Start of Block

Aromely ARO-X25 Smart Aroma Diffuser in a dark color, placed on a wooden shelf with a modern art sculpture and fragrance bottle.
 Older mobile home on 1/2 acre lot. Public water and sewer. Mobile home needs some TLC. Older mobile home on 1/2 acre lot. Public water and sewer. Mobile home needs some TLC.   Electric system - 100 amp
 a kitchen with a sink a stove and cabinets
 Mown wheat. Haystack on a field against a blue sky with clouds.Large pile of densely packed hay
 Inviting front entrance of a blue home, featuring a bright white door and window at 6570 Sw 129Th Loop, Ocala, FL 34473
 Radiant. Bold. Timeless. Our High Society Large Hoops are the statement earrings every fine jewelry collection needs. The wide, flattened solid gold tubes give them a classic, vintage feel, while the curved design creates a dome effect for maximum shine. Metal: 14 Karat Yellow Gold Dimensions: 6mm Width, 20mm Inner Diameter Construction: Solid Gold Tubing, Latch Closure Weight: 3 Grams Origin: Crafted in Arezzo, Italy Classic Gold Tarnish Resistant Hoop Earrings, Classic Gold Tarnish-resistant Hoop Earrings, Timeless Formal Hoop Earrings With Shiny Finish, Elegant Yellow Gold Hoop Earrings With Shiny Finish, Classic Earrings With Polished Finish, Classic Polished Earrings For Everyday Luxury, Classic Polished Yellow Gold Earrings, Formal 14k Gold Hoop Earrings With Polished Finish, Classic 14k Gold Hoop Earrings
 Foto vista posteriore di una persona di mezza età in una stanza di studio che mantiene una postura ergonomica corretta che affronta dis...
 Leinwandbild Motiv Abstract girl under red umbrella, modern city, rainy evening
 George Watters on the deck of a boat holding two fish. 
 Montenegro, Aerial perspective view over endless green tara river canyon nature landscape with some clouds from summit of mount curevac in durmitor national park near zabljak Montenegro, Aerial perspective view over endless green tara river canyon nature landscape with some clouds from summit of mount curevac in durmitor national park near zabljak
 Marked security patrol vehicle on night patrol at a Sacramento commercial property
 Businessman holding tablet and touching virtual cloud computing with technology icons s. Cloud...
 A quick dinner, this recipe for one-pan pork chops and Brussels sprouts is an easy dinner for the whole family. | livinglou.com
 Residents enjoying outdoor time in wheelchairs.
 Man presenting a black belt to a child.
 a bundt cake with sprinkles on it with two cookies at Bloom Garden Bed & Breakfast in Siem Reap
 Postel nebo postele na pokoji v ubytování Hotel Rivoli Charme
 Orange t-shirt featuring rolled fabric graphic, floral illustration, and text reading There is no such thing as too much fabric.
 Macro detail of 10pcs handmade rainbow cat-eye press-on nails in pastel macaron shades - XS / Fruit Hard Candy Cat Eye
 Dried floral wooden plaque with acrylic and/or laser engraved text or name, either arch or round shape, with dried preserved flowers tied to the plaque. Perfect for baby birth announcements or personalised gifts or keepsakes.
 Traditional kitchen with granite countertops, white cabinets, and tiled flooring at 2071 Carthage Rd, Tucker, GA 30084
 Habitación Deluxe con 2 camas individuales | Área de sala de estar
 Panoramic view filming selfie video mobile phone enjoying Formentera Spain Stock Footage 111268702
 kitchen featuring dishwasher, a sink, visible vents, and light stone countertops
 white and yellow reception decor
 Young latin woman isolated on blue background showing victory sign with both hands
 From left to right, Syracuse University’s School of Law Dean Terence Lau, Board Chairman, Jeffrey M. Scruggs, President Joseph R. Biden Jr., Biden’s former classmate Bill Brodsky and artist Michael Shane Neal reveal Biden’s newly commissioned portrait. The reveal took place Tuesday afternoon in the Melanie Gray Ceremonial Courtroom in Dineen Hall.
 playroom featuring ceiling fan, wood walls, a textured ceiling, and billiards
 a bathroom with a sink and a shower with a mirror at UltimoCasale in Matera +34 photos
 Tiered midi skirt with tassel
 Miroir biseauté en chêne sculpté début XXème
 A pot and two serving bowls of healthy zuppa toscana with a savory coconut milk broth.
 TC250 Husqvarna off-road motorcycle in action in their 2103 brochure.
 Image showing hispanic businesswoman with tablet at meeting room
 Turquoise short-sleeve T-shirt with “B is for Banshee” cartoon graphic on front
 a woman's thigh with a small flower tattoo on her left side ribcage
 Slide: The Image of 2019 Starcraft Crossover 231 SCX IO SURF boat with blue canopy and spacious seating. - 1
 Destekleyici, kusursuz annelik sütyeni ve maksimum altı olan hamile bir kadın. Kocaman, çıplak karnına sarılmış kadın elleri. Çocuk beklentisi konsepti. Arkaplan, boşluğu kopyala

End of Block

*TASK ITEM*. The lines of the data, from the first through the one containing "Inviting front entrance", are to be transcribed exactly.

*SOLVED EXERCISE*.
Aromely ARO-X25 Smart Aroma Diffuser in a dark color, placed on a wooden shelf with a modern art sculpture and fragrance bottle.
 Older mobile home on 1/2 acre lot. Public water and sewer. Mobile home needs some TLC. Older mobile home on 1/2 acre lot. Public water and sewer. Mobile home needs some TLC.   Electric system - 100 amp
 a kitchen with a sink a stove and cabinets
 Mown wheat. Haystack on a field against a blue sky with clouds.Large pile of densely packed hay
 Inviting front entrance of a blue home, featuring a bright white door and window at 6570 Sw 129Th Loop, Ocala, FL 34473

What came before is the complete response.